With respect to Baghdad’s military maneuvers this month, Barzani opined that such events would have occurred even without the referendum. He said that Baghdad postponed the Hawija offensive intentionally in order to build up forces ready to mobilize against Kurdistan.
“Even if the referendum wasn’t held, there was a plan to attack Kurdistani areas and destabilize the situation in the Kurdistan Region. The culture in Baghdad hasn’t changed,” he said, adding that the central government does not believe in federalism.
He said the use of Iraqi forces in a political struggle is unconstitutional and a continuation of the same mentality and culture of genocide against the Kurds.

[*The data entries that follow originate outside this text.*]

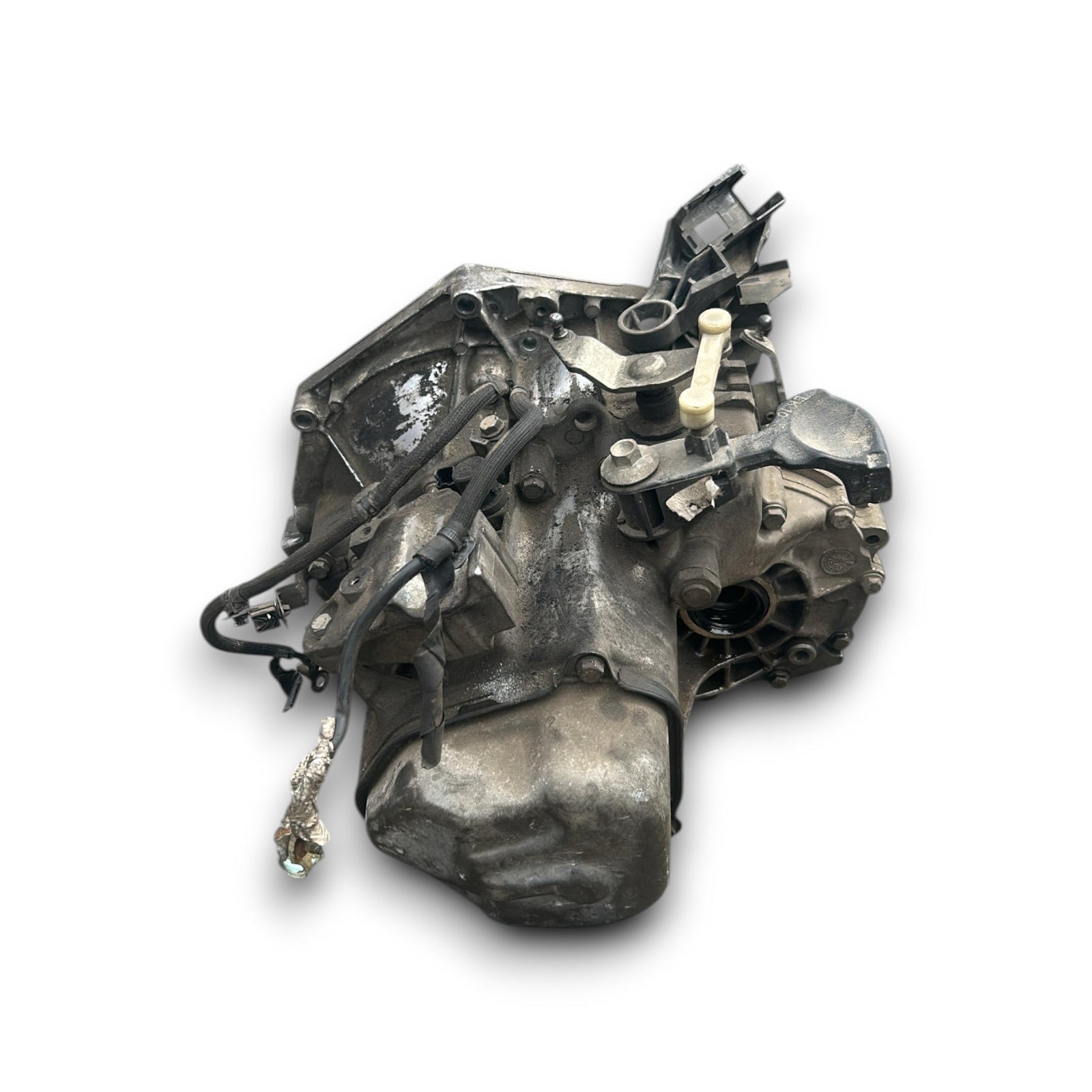 Cambio Manuale 5 Marce Citroen C3 II cod.20CQ87 1.4 Benzina (2009 > 2016) - F&P CRASH SRLS - Ricambi Usati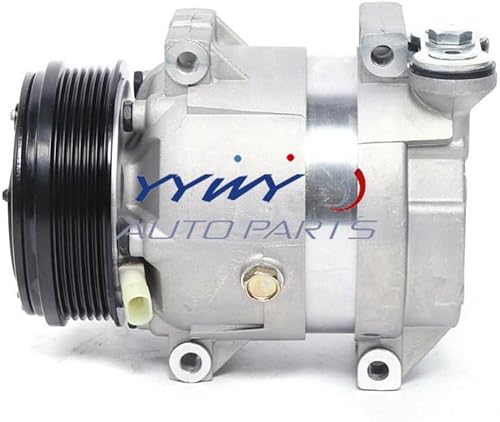 Para compresor de aire acondicionado de CA para Chevrolet Optra 2012 Modelo 730070 CHEVROLET LACETTI NUBIRA AVEO KALOS 96442920 730070 716916
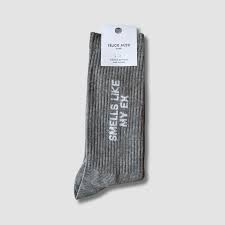 NEW Chaussettes Smell like my ex (homme)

Barzani offered that Kurdistan sought dialogue and still favours dialogue, but “vain” authorities in Baghdad sought war, especially the Shiite militias, and the Peshmerga were forced to defend themselves.
“We don’t want bloodshed. We want the problems to be resolved through dialogue. But if you intend to wage war, we will choose death and won’t allow our honor to be broken,” Barzani said, adding that he hopes Baghdad will be ready to talk.
He blamed the quick Kurdish retreat from the majority of the disputed areas on “treason,” saying Kirkuk was handed over to the Iraqis.
“The Peshmerga and all the people of Kurdistan were stabbed in the back by a poisonous dagger,” he said.
Despite the problems, he said that no one can erase the voices of three million people calling for independence.
The Kurdistan Region, some of the disputed or Kurdistani areas claimed by Erbil and Baghdad, and the diaspora participated in the September 25 referendum to support independence. Nearly 93 percent of ballots indicated ‘Yes’ for independence.
Iraqi forces including the Iran-backed Hashd al-Shaabi paramilitaries began taking control of the disputed areas on October 15. They want to impose federal control on borders, waterways, and oil fields.
Barzani emotionally campaigned in favor of holding the referendum despite calls from the international community to postpone the vote.
His term was last extended in August 2015 until such time as elections are held. Barzani called for presidential and parliamentary elections to be held on November 1 – a date that was subsequently postponed by parliament.
He submitted a letter to parliament on Saturday, announcing his resignation.